Die Europäische Union vermittelt zwischen Serbien und dem Kosovo, doch der Dialog stockt seit zehn Jahren und damit auch die Annäherung an die EU. In einer Art Kräftemessen versucht gleichzeitig Russland, seinen Einfluss in der Region auszudehnen und die Annäherung der Staaten an die EU zu hintertreiben. Nach dem Überfall auf die Ukraine hat der Kreml diese Aktivitäten deutlich verstärkt und nutzt etwa die Energieabhängigkeit der Staaten ganz offen, um den Spaltpilz verstärkt zu säen.

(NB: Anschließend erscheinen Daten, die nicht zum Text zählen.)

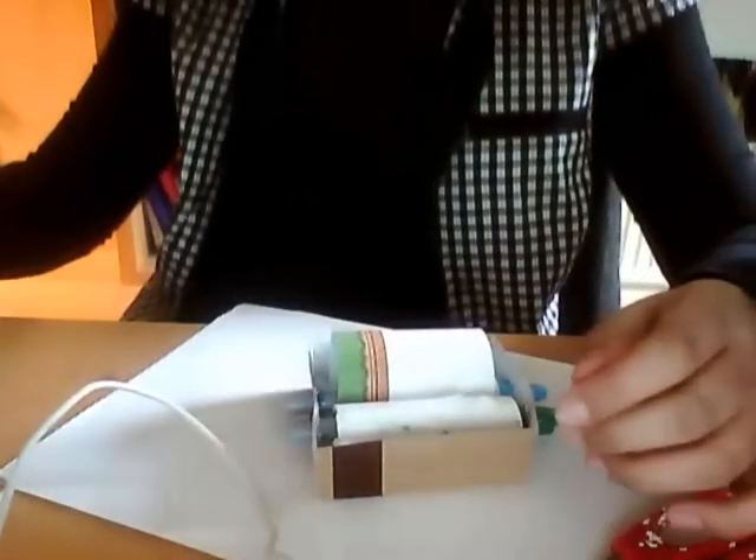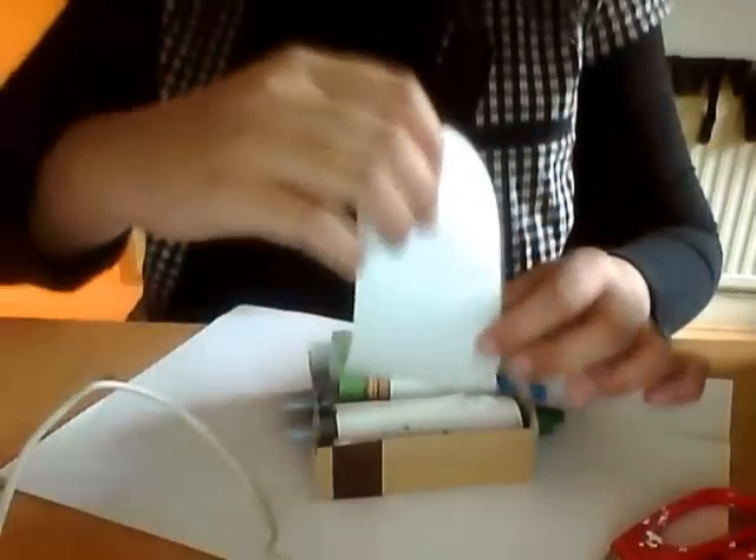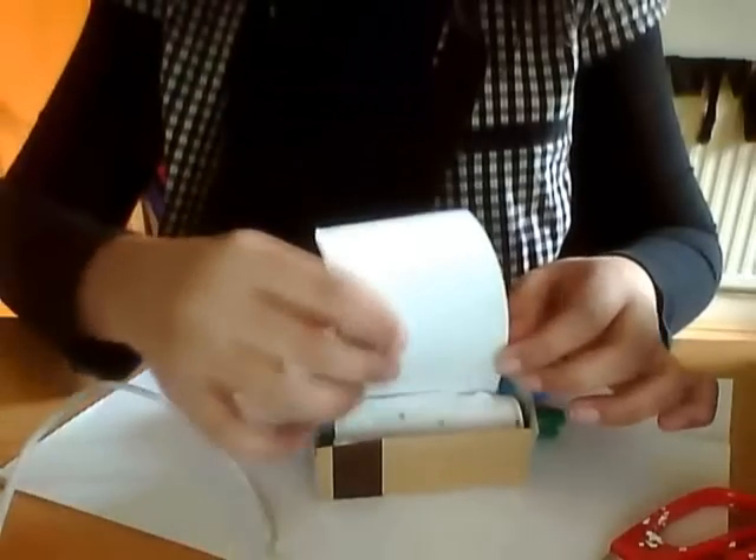I can't stop googling myself. I google every night. I know it ain't right. I can't stop googling myself. I've got to know I exist. Look now, I'm straining my wrist. Oh no.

Enges Verhältnis zwischen Serbien und Russland

Ein Dorn im Auge der Europäischen Union ist vor allem das enge Verhältnis des serbischen Präsidenten Aleksandar Vučić zu seinem russischen Kollegen Wladimir Putin. Der starke Mann in Belgrad vollführt seit Jahren eine Art Schaukelpolitik zwischen Westen und Osten. So verurteilte er den russischen Überfall auf die Ukraine, schloss sich bisher aber nicht den Sanktionen gegen Moskau an.

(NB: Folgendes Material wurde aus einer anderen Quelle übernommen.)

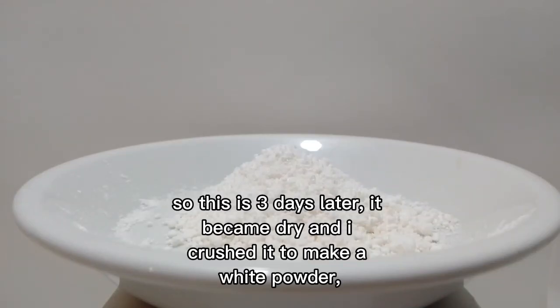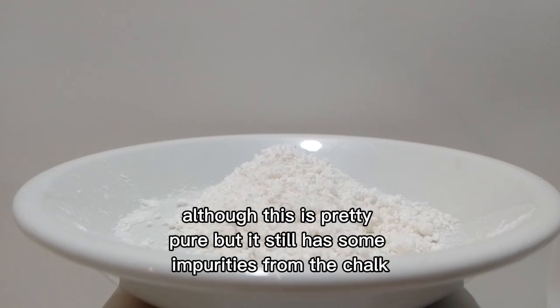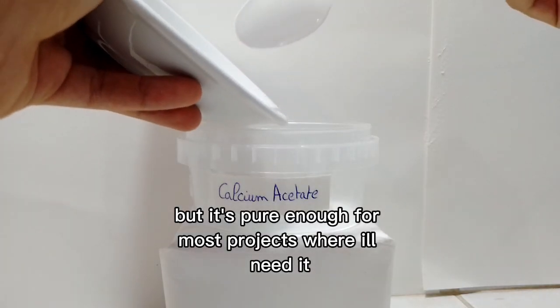This is three days later — it became dry and I crushed it to make a white powder. Although this is pretty pure, it still has some impurities from the chalk. But it's pure enough for most projects where you'll need it.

Dem acht Millionen Einwohner zählenden Balkanstaat kommt nicht nur wegen seines großen wirtschaftlichen Einflusses in der Region eine zentrale Rolle zu. Aleksandar Vučić hat auch erheblichen Einfluss im bosnischen Gliedstaat Republika Srpska, wo Russland unverhohlen die sezessionistischen Tendenzen des Serbenführers Milorad Dodik befördert – eine Krise mit erheblicher Sprengkraft. Der serbische Präsident Vučić selbst lässt zumindest nach außen keine Unterstützung für Dodiks spalterische Spielchen erkennen – wohl auch deshalb, weil er weiß, dass er damit sein eigenes Standing in Europa deutlich schwächen würde.

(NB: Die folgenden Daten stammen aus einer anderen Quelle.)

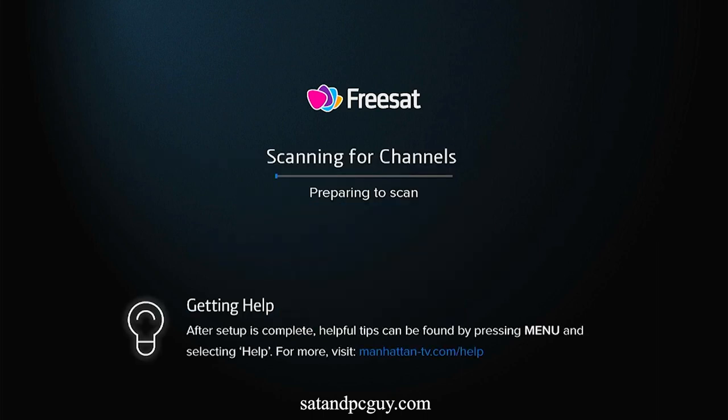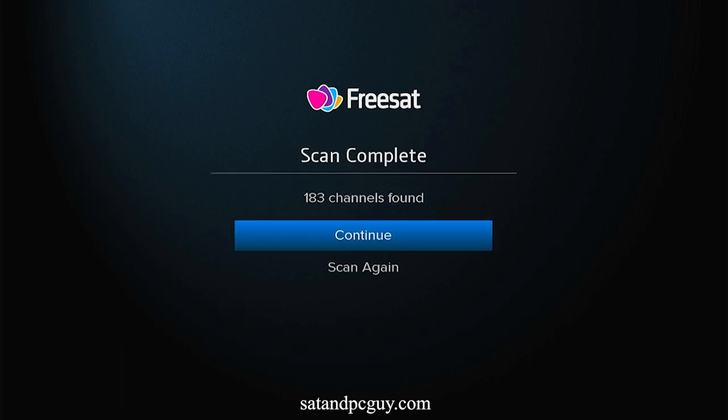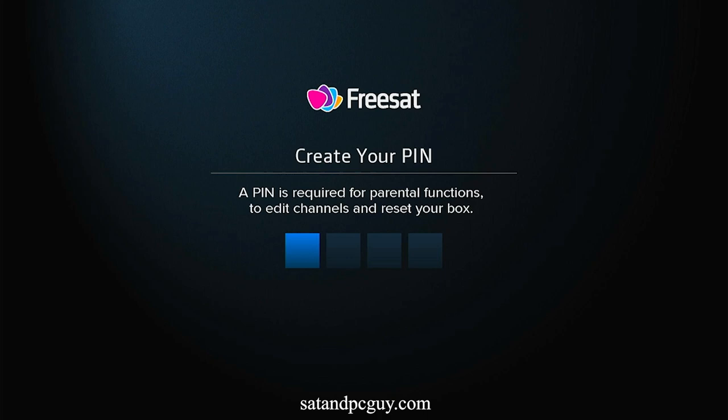The Freesat box will then scan for the channels. It will then ask you to input a PIN — four zeros will usually do nicely.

Die EU agierte nicht immer geschickt

Die EU hat allerdings häufig auch selbst dazu beigetragen, dass es auf dem Balkan immer wieder zu neuen Spannungen kommt und nationalistische Gruppen Zulauf finden. Nun wurden im Juli zwar die Beitrittsgespräche mit Albanien und Nordmazedonien aufgenommen, doch auf dem Weg dorthin hat sich Brüssel nicht mit Ruhm bekleckert. Empörung in der Region rief im Oktober 2021 das für alle überraschende Veto des französischen Präsidenten Emmanuel Macron hervor, der sich damals gegen die Annäherung der beiden Balkanstaaten an die EU aussprach.

Auch Vučić sah dies als Beweis dafür, dass Brüssel nicht mit offenen Karten spiele. Aus dem serbischen Präsidenten sprach damals die Frustration, dass die EU-Beitrittsverhandlungen mit seinem eigenen Land seit vielen Jahren auf der Stelle treten. Bremsklotz ist immer wieder das Verhältnis Serbiens zum Kosovo. Die Erwartungen an das Krisentreffen in Brüssel sind eher niedrig.